### 02_Preprocessing: Missing-Value Handling & Dataset Splits

In this notebook we take the raw Pima dataset and produce three versions for modeling:
- **dfA**: drop any row with a physiologically impossible zero
- **dfB**: replace zeros with NaN, then **median**-impute
- **dfC**: replace zeros with NaN, then **KNN**-impute


In [1]:
# 1) Imports
import pandas as pd
import numpy as np
from sklearn.impute import SimpleImputer, KNNImputer

In [15]:
# Load and display Diabetes dataframe
df = pd.read_csv('diabetes.csv')

display(df.head())

Unnamed: 0,Pregnancies,Glucose,BloodPressure,SkinThickness,Insulin,BMI,DiabetesPedigreeFunction,Age,Outcome
0,6,148,72,35,0,33.6,0.627,50,1
1,1,85,66,29,0,26.6,0.351,31,0
2,8,183,64,0,0,23.3,0.672,32,1
3,1,89,66,23,94,28.1,0.167,21,0
4,0,137,40,35,168,43.1,2.288,33,1


In [10]:
# Identify columns with missing values
missing_cols = ['Glucose','BloodPressure','SkinThickness','Insulin','BMI']
print("Zeros Per Column:")
print((df[missing_cols]==0).sum())

Zeros Per Column:
Glucose            5
BloodPressure     35
SkinThickness    227
Insulin          374
BMI               11
dtype: int64


In [17]:
# Define columns with missing values
missing_cols = ['Glucose','BloodPressure','SkinThickness','Insulin','BMI']

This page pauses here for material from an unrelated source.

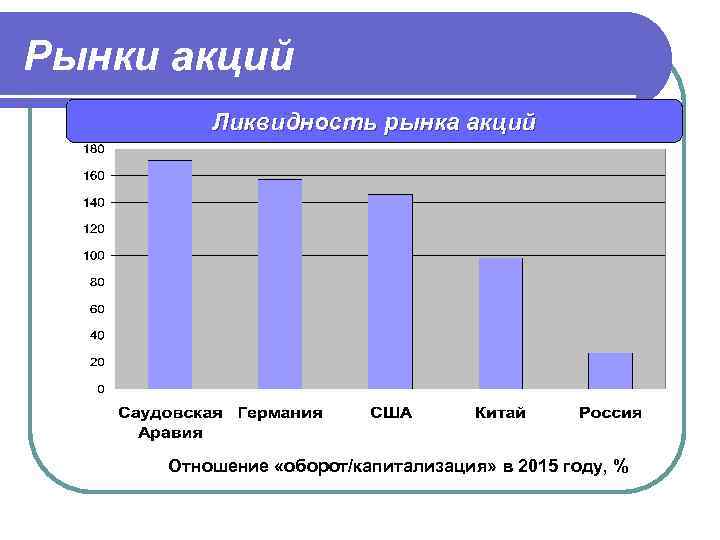 Рынки акций Ликвидность рынка акций Отношение «оборот/капитализация» в 2015 году, %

# Define all feature columns to be used
feature_cols = [
    'Pregnancies','Glucose','BloodPressure',
    'SkinThickness','Insulin','BMI',
    'DiabetesPedigreeFunction','Age'
]

# Define Outcome column
target_col = 'Outcome'

### Creating dataframe for Trial A (dropping all rows with missing values (0's) in these key columns)

In [22]:
# Trial A: Drop any row where any missing_col == 0
dfA_mask = ~(df[missing_cols] == 0).any(axis=1)
dfA = df.loc[dfA_mask, feature_cols + [target_col]].reset_index(drop=True)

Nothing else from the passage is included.